Aim of the task: Down to the last line, set down the listing below exactly, apart from its pictures.

Material provided:
-- Opening Marker --

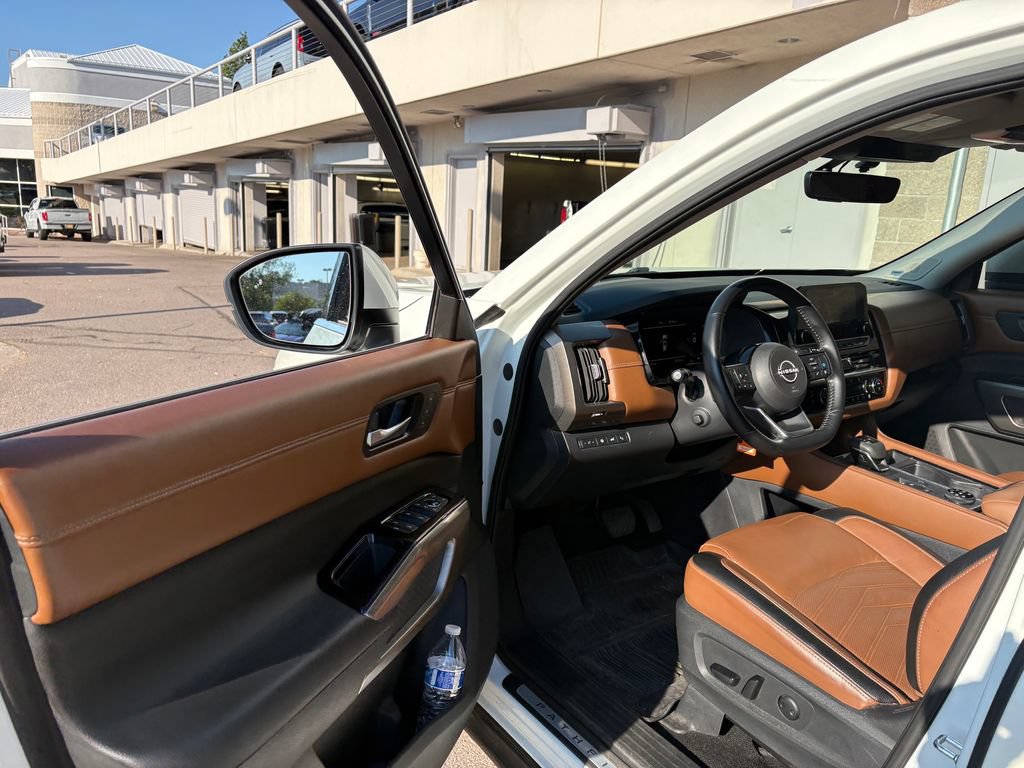 Used 2023 Nissan Pathfinder Platinum AWD/4WD image 17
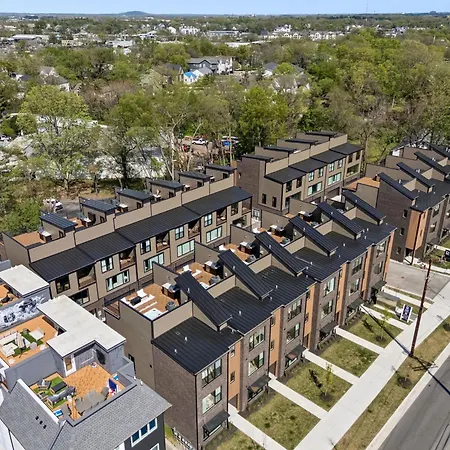 Combined Twin Townhomes 6br Hot Tubs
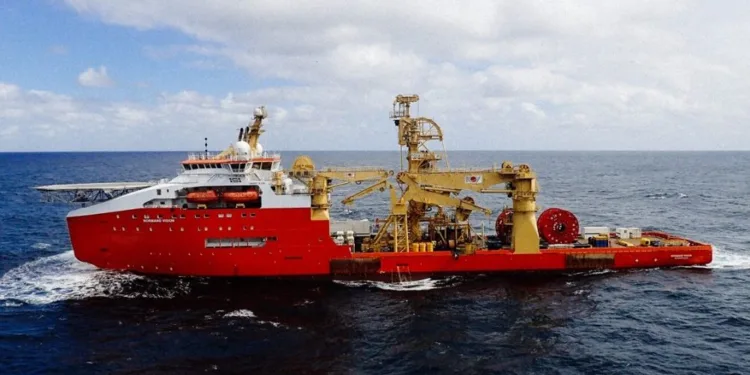 Ocean Installer keeps Solstad CSV for another year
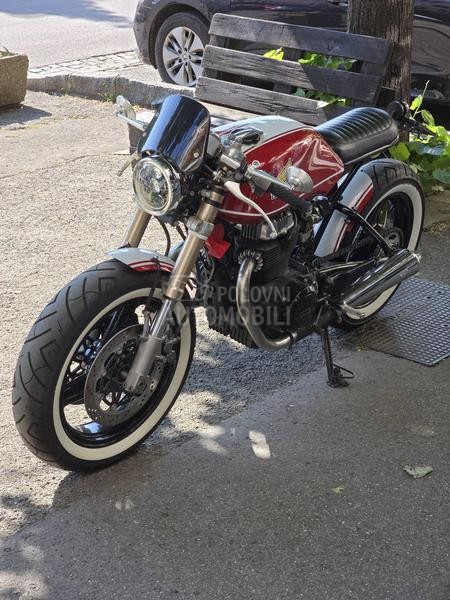Honda CB400N Cafe Racer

-- Closing Marker --

Solution to this task:
 Used 2023 Nissan Pathfinder Platinum AWD/4WD image 17
 Combined Twin Townhomes 6br Hot Tubs
 Ocean Installer keeps Solstad CSV for another year
Honda CB400N Cafe Racer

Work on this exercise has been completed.